1. Regulatory references: An explicit reference to the CRA — Regulation (EU) [number] — and to the specific articles and annexes that the declaration covers. This typically means a reference to Article 5 and Annex I.

1. Harmonised standards or specifications applied: References to the specific harmonised standards, common specifications, or other technical specifications applied to demonstrate conformity. Include standard number and version/date.

1. Conformity assessment procedure: Identification of the assessment module used (for example, 'Module A — Internal Control' or 'Module B + Module D').

1. Notified body reference: Where a notified body was involved, its name, notification number, and the number of the certificate issued.

1. Other applicable EU legislation: References to other CE marking regulations applicable to the same product, if a combined declaration is used.

1. Date, place, and signature: Date and place of issue, name and function of the authorised signatory, and their signature.

The product identification section must enable unambiguous identification of the product covered by the declaration. For physical products, this typically means including the model name, model number, hardware version, and firmware version at the time of the declaration.

For software products, the declaration should cover a specific software version or version range. A declaration for 'version 2.x' covering the entire 2.x product line is acceptable only if all versions in the range genuinely comply with the essential requirements covered by the declaration. If a specific release introduces a security feature that brings a previously non-compliant version into compliance, separate declarations covering each compliant version range may be appropriate.

Where a product has multiple hardware variants (for example, different form factors or connectivity options), the declaration should either cover each variant explicitly or clearly define the scope of coverage in a way that avoids ambiguity.

The standards reference section of the declaration is important evidence of how compliance was demonstrated. Manufacturers should reference:

• The specific harmonised standard number and date/version (for example, 'EN 303 645 V2.1.1 (2020-04)')
• Any common specifications adopted by the Commission
• Relevant ISO/IEC standards applied as supporting evidence (these do not provide formal presumption of conformity but are relevant to the technical assessment)

Vague references such as 'applicable ETSI standards' or 'industry best practices' are not adequate — the declaration must be specific enough to enable a market surveillance authority to independently assess whether the referenced standards cover the essential requirements claimed.
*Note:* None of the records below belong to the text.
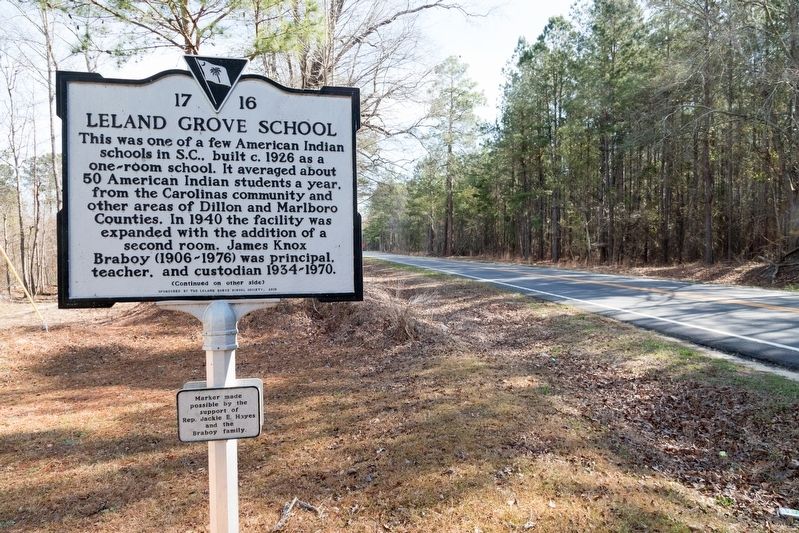 Leland Grove School Marker. Click for full size. Leland Grove School Marker image. Click for full size.
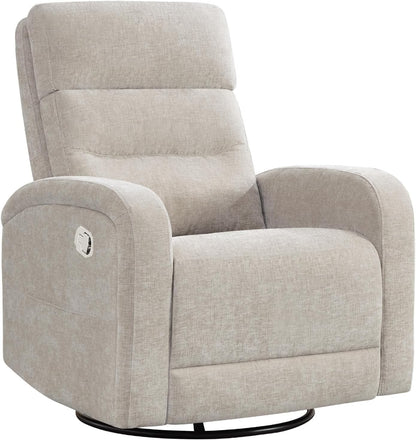Power Swivel Rocker Recliner Chair for Nursery, Swivel Reclining Rocking Chairs, Electric Glider for Living Room, Upholstered Recliner Chairs for Bedroom, Corduroy White
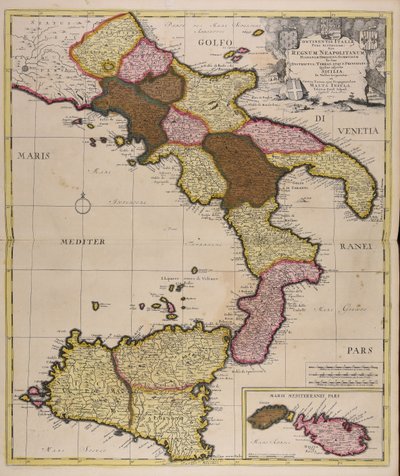 Continentis Italiae pars australior sive regnum Neapolitanum Hispaniae obediens subdivisum in suos districtus terras atque principatus quibus adjectae Sicilia in valles tripartita et contra Turcas ejus propugnaculum Malta insula od Peter Schenk the Elder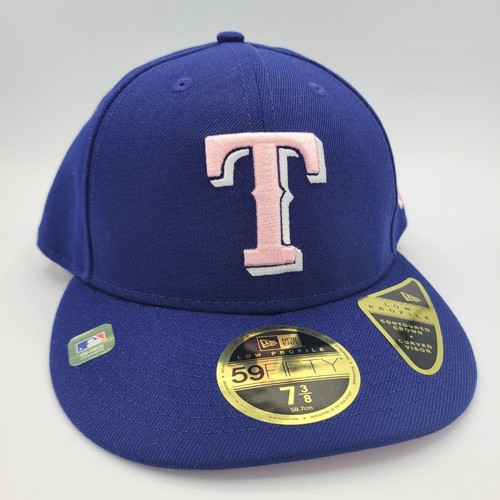Texas Rangers Hat New Era 59Fifty LP Fitted Baseball Cap Blue Pink Mother's Day - Picture 3 of 6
Where the manufacturer has not applied any harmonised standard — perhaps because none exists for their product category — the declaration should reference the internal testing and risk assessment methodology used, and the technical documentation must contain the detailed evidence.

The EU Declaration of Conformity must be signed by a person with the legal authority to commit the manufacturer. This is typically a director, a senior compliance officer, or a legally designated responsible person. The signature should be accompanied by the printed name and function title of the signatory.

The declaration must also indicate the place and date of issue. Electronic signatures are generally accepted under EU electronic identification regulations (eIDAS), but manufacturers should verify the specific requirements of national market surveillance authorities and any applicable sector-specific guidance.

For combined declarations covering multiple regulations, a single signature from the same authorised person is typically sufficient, but some member states or notified bodies may require additional signatories for specific regulatory modules. Legal review before finalising the signature process is advisable for complex products.

The DoC drawn up under Annex V must be maintained throughout the product's active market life and for 10 years after the last unit is placed on the market. Manufacturers must be able to retrieve and provide the DoC to national market surveillance authorities within a short timeframe (typically 10 working days under comparable EU product regulations).

When a product is updated in a way that affects its compliance — for example, a major firmware update that introduces new security features or changes the product's architecture — a revised DoC should be issued. The revised DoC should reference the updated product version and, where applicable, updated standards or assessment procedures.

Version control of declarations is important: each version should be clearly dated and should state which product version or firmware version it covers. Old versions should be archived, not deleted, as they may be relevant to market surveillance investigations concerning historical product versions.